Sınıf arkadaşlarının yarısı geçen sene anasınıfında ki arkadaşlarından
oluşuyor. Aynı okula verirseniz avantajlı olacağınız kesin, benden söylemesiJ
Bu yaz tatilini Orkun ile okul hakkında sohbet ederek, kendi
ilkokul anılarımı anlatarak geçirmeye özen gösterdim. Benim anılarımı dinlemek
çok hoşuna gitti. Bana alınan çantayı, ilk günümü, en yakın arkadaşlarımı anlattım.
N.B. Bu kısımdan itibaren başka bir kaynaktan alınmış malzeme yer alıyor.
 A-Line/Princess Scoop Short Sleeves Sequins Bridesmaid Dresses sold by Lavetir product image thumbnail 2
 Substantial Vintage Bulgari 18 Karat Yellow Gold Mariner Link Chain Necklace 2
Ders arası teneffüsler olacağını ve teneffüsler de nasıl
davranması gerektiğini bazen oyun ile bazen kendimden örnek vererek anlatmaya
çalıştım. En büyük korkulu rüyam, başına teneffüste bir kaza gelmesi. Her
annenin aklından milyonlarca kez geçiyordur! Oto kontrolünü sağlamayı bilmesi önemli bir
konudur.
Okul da hijyenine özen göstermesi gerektiğini hep dile
getirdim. Artık yardımcı bir abla olmayacak, kendi başının çaresine
bakabilmeli.
Yani tuvalet eğitimin deki 2. Aşamaya hoş geldiniz! Tamamen
kendisinin öz bakımını yapmasını yine bu yaz tatilinde öğrettim ve artık evde
de tek başına yapabiliyor. Ben sadece kontrol ediyorum.
Tüm bunları yaptığımızda okul fobisi yaşayacak çocuk yoktur
diye düşünüyorum. Zaten bazı korkularını çocuklarımızın istemeyerek de olsa biz
ebeveynler oluşturuyoruz.
Çocuklarımızın bir ortama adaptasyon yeteneği bizden çok daha
gelişmiştir. İlkokula alışmayan çocuk olmadığına göre, yazımda bahsettiğim ufak önlemler
ile bu dönemi çabucak atlatabiliriz.
Biz de durumlar böyle!
Tüm evlatlarımızın okul hayatı mutlu, başarılı, huzurlu ve
kazasız geçsin, anne babalar olarak tek dileğimiz budur.